Gobert’s interior prowess discourages guards from even trying to challenge him. Nori said Minnesota spent the first three days of training camp working specifically on the “drop” defensive coverage.

But that doesn’t mean the Wolves will ditch the “high wall” look entirely. Wolves guard Jaylen Nowell noted when Gobert is off the floor — and Towns is again at the center spot — Minnesota’s defensive “concept is going to be different.”

They’re going to go back to the high-wall defense.

“Either KAT is at the five or Naz (Reid), who are comfortable playing it, or Nate Knight and they kind of go back to what they were taught last year,” Nori said. “Then when Rudy is out there, especially when KAT is at the four, or anybody for that matter, it’s going to be more a shrink and bend don’t break.”


That would make Minnesota one of few teams in the NBA to execute multiple, non-zone defensive schemes within the same game on a regular basis. Wolves forward Kyle Anderson noted it’s something only the elite teams — Golden State, Milwaukee and a few others — can pull off.

“I don’t think a lot of teams do it,” Anderson said. “It’s tough, because you go out and practice one thing and you’re asking your players to do something different in the game. It’s tough for everybody to be on the same page, but I think we’re totally capable of it here. I think coach Finch is going to put us in the right position, and we’ve got guys who are willing to learn and execute. We’re going to go out and do whatever he asks.”

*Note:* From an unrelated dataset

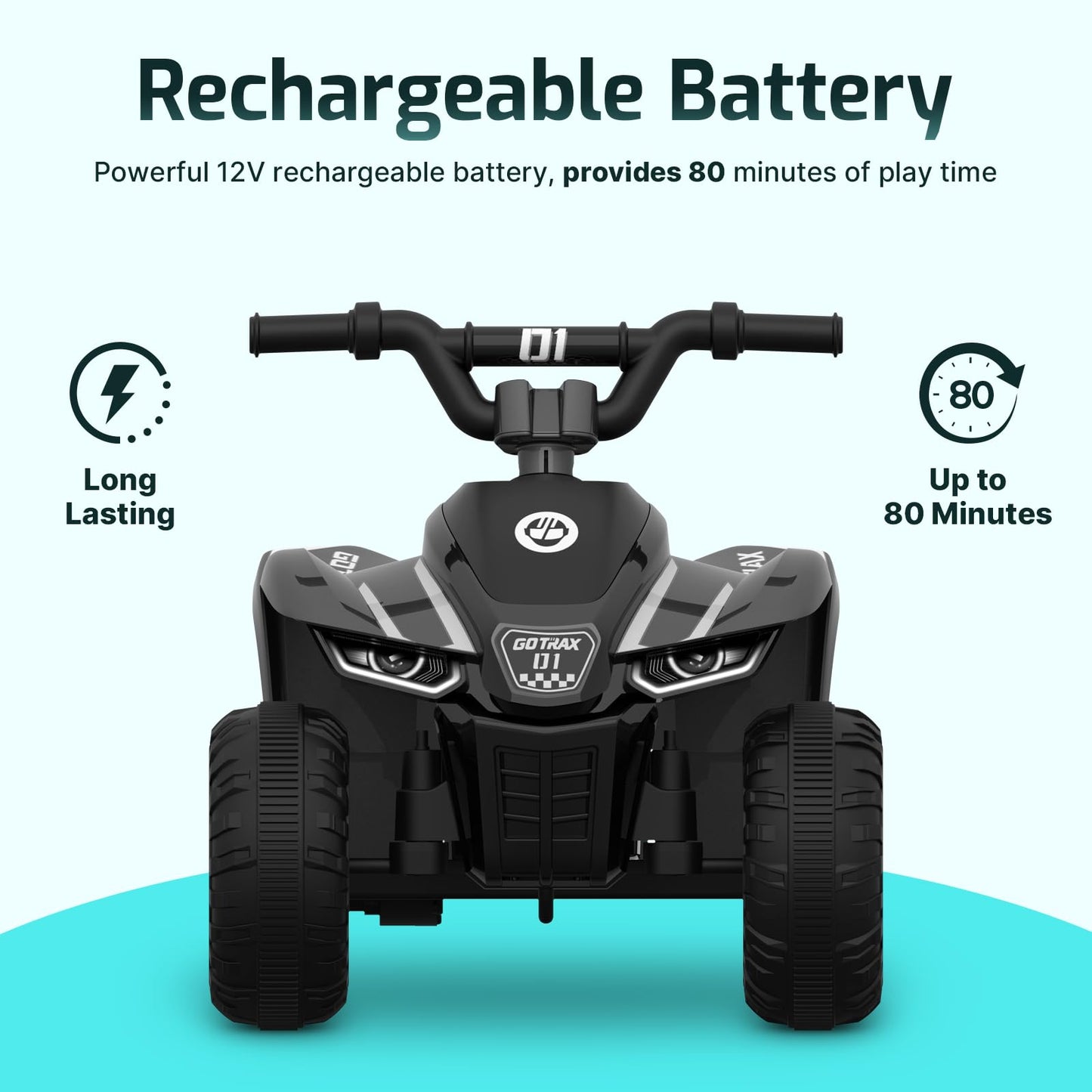 Gotrax RT1 Ride on Toys for Toddlers 1.5-4, Safe 12V Lead-acid Battery up to 80 Minutes, Forward/Reverse 2 Gears, Max 1.5MPH Speed&8" Big Tire, Electric Vehicle ATV Car Best Gift for Age1.5–4 Boy Girl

It’s a big ask for the Timberwolves, who struggled to shift looks between games last season. Finch tried to employ a more switch-heavy look for a short period in the second half of last year’s schedule to better prepare the team for the playoffs. It was such a disaster that the approach was trashed almost immediately.

Yet the coaching staff has a belief Minnesota will be able to play the drop around Gobert, then switch back to last year’s status quo at a substitution’s notice.

“The only reason why I think so is because … I think the fact that there are enough guys on the floor that are accustomed to playing that type,” Nori said. “It’s easier to get guys to get back to what they were accustomed to, being aggressive and all that, as opposed to, ‘Hey it’s Rudy, and you’re shrinking,’ and all that.”